Им нелегко живется. Очень виноваты перед ними директора комбинатов и председатели колхозов, считающие, что ремонт школы — дело третьестепенное, виноваты районные руководители, редко к ним заглядывающие, и все мы, за то что мало помогаем, не ценим по-настоящему их тяжелый, но благородный труд.
Виктор Андрианович все-таки уговорил Марию Яковлевну поехать лечиться, пообещав на время ее отсутствия прислать самого лучшего учителя из Мотыгина. Провожая нас, она выходит на крыльцо. Лицо ее просветлело, стало ясным и добрым, таким, каким оно, вероятно, бывает, когда идет урок.
Сразу за околицей Шааргана в забое пыхтит, отдуваясь паром, драга.
Золото в горах Енисейского кряжа нашли еще лет двести назад. Добыча его началась в 1836 году. Сначала вели ее примитивно, вручную. Потом стали закладывать шахты, наконец появились драги. Они были не очень большими, малопроизводительными. Когда драга намывала пуд золота, стреляли из пушки, и далеко не каждый месяц раздавался такой салют. Перед революцией к ангарскому золоту дотянулись руки иностранного капитала, в тайге обосновались концессии.
После революции золотодобывающая промышленность Приангарья коренным образом изменилась. Выросли большие рудники, появилась современная горная техника и значительно увеличилась добыча благородного металла.
Драга, работающая под Шаарганом, небольшая. Объем ее ковшей двести литров. Сейчас уже построены драги, ковши которых в шесть раз больше, — в год такая плавучая фабрика «перелопачивает» два миллиона тонн грунта, заменяя двенадцать тысяч землекопов. А эта, старенькая, что черпала землю со дна небольшого озерца, ею же самой созданного, еще верой и правдой служит людям — дожила бы до наших дней старая традиция, и жители поселка не один раз в месяц слышали бы пушечные выстрелы.

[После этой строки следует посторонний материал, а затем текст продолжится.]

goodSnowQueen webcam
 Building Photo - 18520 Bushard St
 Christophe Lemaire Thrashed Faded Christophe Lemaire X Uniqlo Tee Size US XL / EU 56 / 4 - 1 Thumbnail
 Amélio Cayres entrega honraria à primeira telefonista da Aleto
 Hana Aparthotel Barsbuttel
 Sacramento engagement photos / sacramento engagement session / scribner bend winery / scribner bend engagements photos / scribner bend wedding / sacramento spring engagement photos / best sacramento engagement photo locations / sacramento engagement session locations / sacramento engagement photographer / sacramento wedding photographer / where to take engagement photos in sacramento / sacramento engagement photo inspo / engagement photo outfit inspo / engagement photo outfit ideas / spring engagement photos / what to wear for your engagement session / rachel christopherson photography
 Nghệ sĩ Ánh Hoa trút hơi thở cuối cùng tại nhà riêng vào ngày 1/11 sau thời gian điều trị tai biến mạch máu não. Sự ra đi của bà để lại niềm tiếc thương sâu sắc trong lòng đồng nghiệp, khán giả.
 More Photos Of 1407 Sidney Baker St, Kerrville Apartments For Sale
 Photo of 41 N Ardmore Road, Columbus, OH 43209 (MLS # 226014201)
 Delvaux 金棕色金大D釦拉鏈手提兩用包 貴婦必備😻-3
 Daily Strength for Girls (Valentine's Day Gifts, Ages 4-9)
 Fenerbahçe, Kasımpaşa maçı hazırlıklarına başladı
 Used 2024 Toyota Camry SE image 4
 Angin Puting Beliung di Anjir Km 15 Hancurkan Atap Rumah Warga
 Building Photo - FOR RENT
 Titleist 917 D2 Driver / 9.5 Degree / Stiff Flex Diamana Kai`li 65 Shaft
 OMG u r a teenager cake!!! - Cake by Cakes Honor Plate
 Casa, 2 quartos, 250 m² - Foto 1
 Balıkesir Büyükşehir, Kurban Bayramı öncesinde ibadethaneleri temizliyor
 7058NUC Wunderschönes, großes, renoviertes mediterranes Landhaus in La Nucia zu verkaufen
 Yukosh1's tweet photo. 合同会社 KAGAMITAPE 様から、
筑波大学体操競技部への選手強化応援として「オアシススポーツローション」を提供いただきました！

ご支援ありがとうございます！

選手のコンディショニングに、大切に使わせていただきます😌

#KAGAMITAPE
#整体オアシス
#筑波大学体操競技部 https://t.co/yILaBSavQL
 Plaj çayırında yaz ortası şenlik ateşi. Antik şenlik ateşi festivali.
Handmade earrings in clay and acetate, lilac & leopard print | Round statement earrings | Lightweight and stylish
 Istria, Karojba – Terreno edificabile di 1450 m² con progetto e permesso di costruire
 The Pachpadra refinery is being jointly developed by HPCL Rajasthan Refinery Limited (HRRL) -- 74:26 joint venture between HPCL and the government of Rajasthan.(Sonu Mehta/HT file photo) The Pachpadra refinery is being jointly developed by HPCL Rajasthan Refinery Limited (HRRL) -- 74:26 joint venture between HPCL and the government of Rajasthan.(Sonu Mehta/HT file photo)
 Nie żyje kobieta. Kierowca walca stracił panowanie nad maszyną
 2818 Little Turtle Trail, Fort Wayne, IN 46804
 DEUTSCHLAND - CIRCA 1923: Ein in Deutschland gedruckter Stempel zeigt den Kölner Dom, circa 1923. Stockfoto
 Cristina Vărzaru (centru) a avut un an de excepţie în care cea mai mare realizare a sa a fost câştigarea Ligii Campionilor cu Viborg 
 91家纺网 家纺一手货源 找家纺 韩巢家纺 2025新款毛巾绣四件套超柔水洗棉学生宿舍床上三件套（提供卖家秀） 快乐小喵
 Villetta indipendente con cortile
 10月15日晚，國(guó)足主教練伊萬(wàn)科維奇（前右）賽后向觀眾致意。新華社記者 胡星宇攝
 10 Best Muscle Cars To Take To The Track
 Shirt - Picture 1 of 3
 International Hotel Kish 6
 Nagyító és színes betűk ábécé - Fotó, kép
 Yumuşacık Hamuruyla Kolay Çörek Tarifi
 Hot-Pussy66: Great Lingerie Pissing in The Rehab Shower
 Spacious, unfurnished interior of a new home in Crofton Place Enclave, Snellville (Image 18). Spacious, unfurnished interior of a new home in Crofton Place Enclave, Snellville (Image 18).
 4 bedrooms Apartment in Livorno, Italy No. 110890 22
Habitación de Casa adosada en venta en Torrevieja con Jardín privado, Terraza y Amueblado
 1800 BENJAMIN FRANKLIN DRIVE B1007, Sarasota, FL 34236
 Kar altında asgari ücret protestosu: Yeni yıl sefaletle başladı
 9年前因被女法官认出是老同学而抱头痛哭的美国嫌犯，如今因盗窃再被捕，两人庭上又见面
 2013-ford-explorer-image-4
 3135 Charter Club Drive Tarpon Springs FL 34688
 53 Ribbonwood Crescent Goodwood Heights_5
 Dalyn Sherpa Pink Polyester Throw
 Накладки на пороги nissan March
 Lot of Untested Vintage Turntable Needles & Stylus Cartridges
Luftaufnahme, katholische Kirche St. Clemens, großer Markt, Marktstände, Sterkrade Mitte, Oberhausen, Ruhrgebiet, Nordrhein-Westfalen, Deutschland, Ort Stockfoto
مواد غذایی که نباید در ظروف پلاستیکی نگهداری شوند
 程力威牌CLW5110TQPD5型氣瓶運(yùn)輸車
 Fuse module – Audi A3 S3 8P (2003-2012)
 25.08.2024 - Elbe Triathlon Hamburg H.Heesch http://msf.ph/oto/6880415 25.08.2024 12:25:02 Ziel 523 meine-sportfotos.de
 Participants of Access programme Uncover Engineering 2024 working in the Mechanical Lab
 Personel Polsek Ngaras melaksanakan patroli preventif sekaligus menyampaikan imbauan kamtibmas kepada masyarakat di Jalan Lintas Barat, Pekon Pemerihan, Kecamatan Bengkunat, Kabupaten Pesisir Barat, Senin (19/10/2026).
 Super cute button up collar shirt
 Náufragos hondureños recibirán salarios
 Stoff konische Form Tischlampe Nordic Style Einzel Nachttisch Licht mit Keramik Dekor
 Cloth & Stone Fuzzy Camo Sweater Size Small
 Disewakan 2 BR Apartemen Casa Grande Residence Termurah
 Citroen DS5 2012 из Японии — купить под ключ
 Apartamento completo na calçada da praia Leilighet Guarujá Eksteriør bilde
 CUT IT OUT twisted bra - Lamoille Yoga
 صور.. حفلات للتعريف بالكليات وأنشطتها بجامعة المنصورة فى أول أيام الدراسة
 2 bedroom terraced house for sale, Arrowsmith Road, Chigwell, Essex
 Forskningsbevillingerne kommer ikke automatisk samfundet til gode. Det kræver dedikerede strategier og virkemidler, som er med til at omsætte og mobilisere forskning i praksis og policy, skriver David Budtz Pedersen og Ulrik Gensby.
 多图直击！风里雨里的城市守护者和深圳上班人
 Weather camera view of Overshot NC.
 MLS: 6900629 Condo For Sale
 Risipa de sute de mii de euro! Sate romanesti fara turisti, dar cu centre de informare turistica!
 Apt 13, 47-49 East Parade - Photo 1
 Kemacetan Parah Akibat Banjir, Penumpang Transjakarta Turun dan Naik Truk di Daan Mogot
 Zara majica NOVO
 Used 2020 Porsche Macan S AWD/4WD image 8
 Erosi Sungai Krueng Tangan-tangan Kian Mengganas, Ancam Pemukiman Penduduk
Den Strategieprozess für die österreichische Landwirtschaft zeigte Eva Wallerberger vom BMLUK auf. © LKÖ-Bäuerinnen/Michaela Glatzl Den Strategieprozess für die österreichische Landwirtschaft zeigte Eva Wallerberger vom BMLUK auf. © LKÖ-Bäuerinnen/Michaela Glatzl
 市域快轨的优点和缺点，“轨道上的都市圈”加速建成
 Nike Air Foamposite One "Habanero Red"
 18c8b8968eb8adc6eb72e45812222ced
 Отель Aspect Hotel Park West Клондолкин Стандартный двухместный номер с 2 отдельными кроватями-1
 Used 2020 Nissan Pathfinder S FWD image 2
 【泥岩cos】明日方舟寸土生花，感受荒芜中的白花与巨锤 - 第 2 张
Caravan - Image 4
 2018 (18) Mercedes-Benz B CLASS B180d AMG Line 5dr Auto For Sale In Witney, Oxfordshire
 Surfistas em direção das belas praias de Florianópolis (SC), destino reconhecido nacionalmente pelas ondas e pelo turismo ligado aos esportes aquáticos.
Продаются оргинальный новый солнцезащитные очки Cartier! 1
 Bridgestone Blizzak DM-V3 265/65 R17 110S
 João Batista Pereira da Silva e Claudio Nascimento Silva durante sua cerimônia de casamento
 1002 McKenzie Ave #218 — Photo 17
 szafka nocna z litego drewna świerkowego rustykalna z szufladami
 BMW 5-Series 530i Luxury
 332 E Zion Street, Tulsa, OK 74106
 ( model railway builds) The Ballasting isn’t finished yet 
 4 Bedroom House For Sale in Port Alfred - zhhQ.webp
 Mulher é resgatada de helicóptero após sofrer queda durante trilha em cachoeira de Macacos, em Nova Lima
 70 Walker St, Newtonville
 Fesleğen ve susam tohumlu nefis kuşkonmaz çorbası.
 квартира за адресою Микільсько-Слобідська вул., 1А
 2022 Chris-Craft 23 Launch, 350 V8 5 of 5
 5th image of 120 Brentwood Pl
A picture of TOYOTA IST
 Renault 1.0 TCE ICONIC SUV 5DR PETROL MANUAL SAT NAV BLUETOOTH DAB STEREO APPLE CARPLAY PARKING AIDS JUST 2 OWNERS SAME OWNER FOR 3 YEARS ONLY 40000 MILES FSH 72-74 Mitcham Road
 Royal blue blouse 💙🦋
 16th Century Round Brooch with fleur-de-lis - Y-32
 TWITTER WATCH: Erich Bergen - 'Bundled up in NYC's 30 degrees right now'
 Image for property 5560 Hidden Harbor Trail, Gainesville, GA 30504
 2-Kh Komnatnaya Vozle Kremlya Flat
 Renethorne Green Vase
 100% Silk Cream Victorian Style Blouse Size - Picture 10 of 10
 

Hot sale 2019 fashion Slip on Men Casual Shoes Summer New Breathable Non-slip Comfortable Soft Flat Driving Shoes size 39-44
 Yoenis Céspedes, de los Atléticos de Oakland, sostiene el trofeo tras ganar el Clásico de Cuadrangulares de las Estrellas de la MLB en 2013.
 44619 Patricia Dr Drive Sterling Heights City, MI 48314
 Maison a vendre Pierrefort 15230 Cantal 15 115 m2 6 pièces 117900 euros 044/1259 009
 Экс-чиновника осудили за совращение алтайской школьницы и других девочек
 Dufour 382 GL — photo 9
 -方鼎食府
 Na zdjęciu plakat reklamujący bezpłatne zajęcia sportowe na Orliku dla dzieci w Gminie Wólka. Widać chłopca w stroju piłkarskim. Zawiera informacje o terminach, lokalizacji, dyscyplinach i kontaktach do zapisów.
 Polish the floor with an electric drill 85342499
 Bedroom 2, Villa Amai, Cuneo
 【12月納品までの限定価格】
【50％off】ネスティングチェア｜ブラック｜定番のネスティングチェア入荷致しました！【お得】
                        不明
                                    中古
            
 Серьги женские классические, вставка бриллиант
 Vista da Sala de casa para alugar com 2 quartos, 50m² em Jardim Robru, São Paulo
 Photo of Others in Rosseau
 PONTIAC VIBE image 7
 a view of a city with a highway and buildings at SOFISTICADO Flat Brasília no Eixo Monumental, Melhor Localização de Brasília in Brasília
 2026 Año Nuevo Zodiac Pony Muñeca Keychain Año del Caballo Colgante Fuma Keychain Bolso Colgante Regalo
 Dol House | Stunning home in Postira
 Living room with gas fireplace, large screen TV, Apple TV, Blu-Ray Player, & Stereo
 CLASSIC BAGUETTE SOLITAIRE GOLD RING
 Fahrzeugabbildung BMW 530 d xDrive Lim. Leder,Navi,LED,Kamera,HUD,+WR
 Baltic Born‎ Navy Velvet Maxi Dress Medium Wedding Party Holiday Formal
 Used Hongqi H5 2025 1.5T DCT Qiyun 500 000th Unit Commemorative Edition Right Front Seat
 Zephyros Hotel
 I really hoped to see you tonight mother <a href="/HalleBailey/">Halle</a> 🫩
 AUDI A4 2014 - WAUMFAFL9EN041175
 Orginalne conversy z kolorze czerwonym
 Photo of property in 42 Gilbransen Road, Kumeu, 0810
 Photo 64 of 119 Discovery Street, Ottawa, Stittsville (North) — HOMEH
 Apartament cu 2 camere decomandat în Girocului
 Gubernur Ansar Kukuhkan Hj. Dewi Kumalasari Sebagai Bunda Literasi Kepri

Двухэтажный корпус драги стоит на большом деревянном понтоне. Три троса помогают ей передвигаться в забое — отходить вправо, влево, назад и двигаться вперед. Бесконечная лента уносит ковши под воду, они черпают золотоносный грунт со дна и поднимают его наверх в бочку — огромный вращающийся барабан. Руда измельчается в барабане, ее тяжелые кусочки с золотом через отверстия в стенках бочки проваливаются на специальные столы, а пустая порода снова падает в воду.